### [What you will do]
From the material below, set down exactly the lines that run from the one containing "ISDIN Ureadin Ultra" to the one containing "安克智显充Lite100W充电器评测：小米15 Pro 19分钟回血50%！", minus the pictures.
== Records for the exercise ==
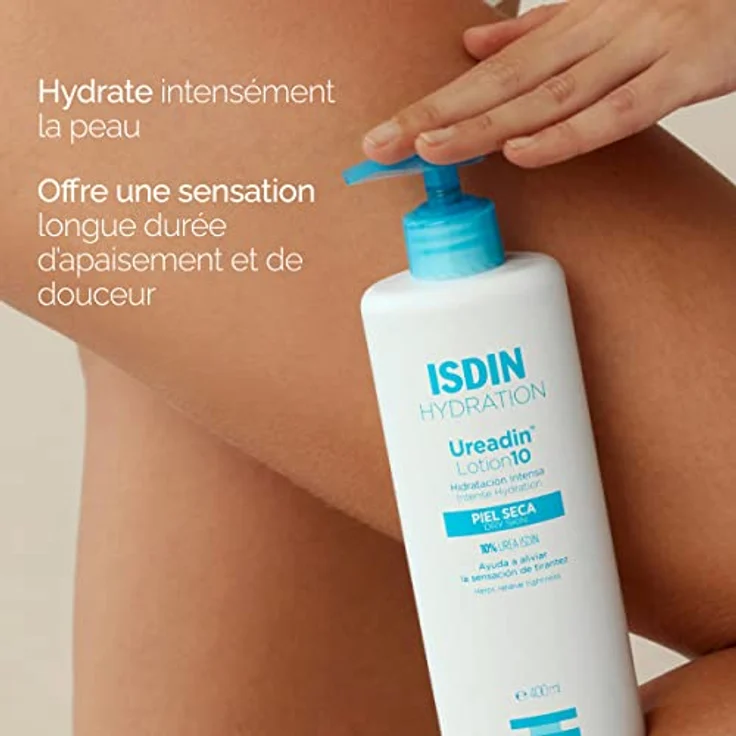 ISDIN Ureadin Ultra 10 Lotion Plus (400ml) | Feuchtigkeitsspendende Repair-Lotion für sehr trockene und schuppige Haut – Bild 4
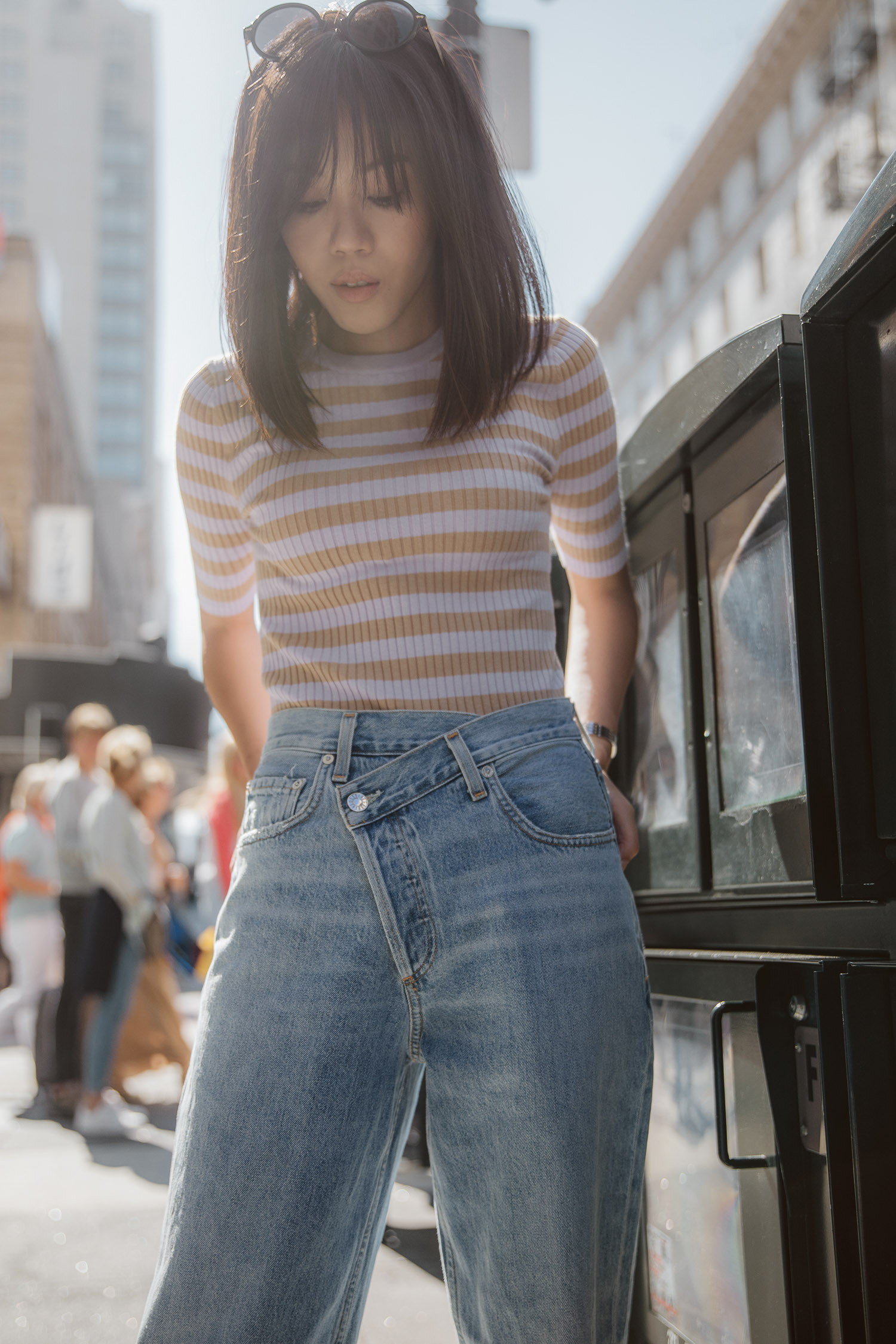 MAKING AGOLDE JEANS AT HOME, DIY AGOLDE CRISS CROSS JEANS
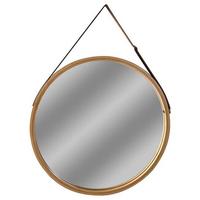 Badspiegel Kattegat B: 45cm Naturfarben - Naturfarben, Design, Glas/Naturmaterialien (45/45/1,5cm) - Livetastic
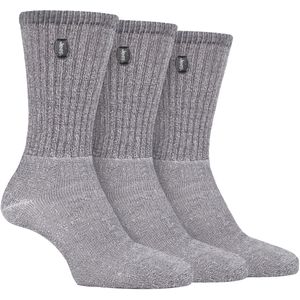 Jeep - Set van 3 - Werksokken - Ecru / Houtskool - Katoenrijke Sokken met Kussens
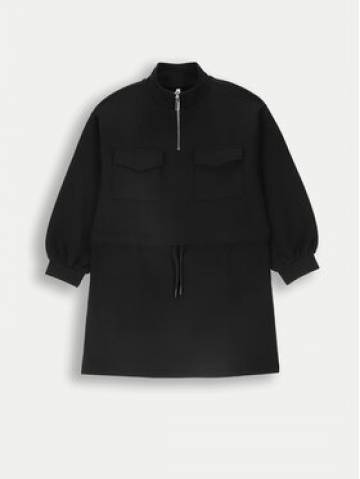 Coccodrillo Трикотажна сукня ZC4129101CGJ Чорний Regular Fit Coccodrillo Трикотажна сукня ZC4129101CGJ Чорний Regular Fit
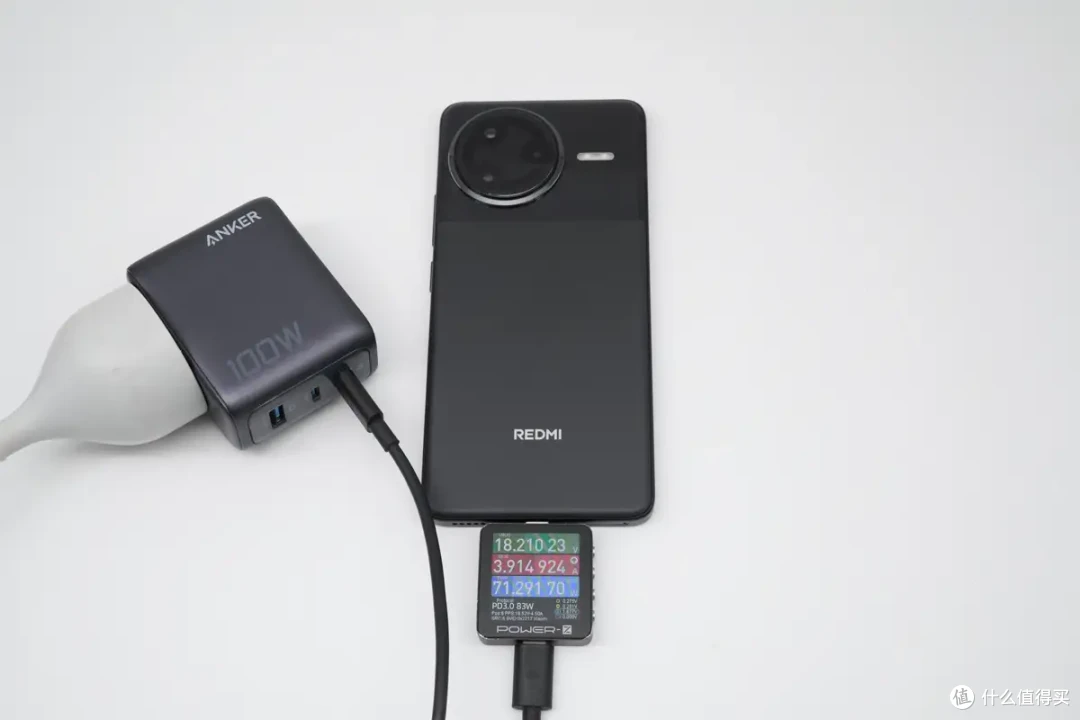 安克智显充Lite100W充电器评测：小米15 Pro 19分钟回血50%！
===
== Records for the exercise ==
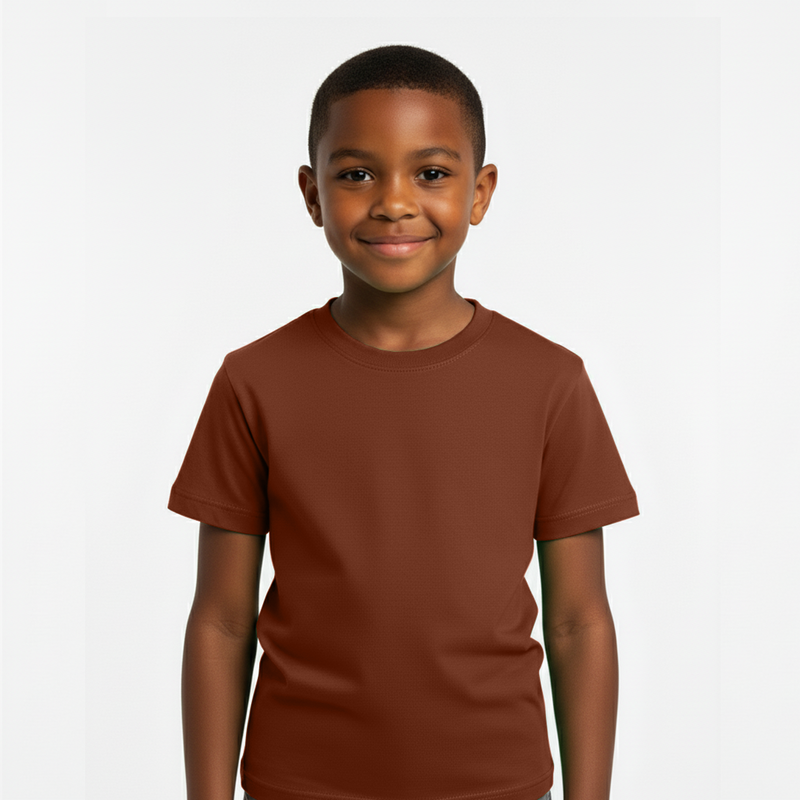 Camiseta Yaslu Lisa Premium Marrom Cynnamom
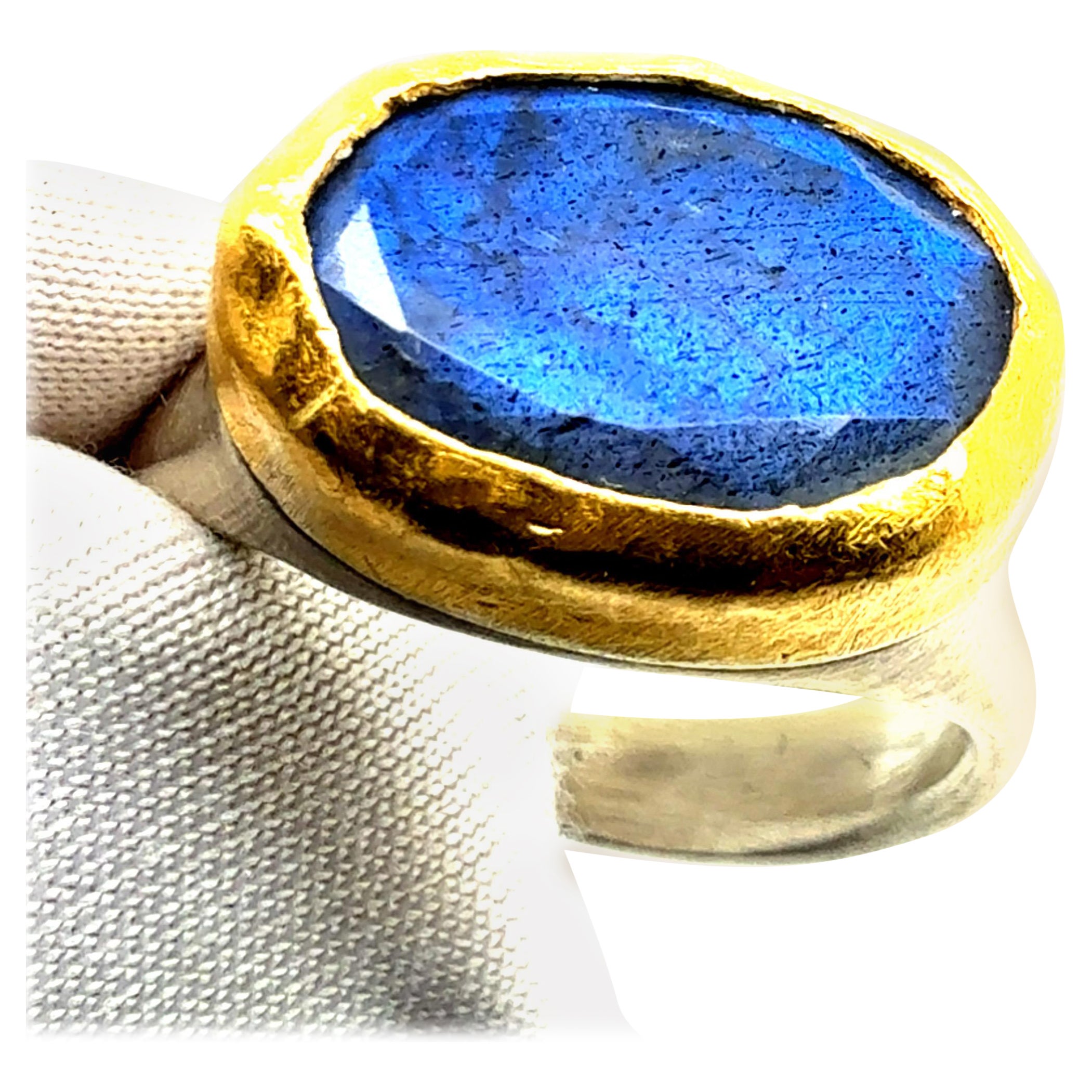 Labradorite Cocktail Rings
===
### [Reply to the task]
 ISDIN Ureadin Ultra 10 Lotion Plus (400ml) | Feuchtigkeitsspendende Repair-Lotion für sehr trockene und schuppige Haut – Bild 4
 MAKING AGOLDE JEANS AT HOME, DIY AGOLDE CRISS CROSS JEANS
 Badspiegel Kattegat B: 45cm Naturfarben - Naturfarben, Design, Glas/Naturmaterialien (45/45/1,5cm) - Livetastic
 Jeep - Set van 3 - Werksokken - Ecru / Houtskool - Katoenrijke Sokken met Kussens
 Coccodrillo Трикотажна сукня ZC4129101CGJ Чорний Regular Fit Coccodrillo Трикотажна сукня ZC4129101CGJ Чорний Regular Fit
 安克智显充Lite100W充电器评测：小米15 Pro 19分钟回血50%！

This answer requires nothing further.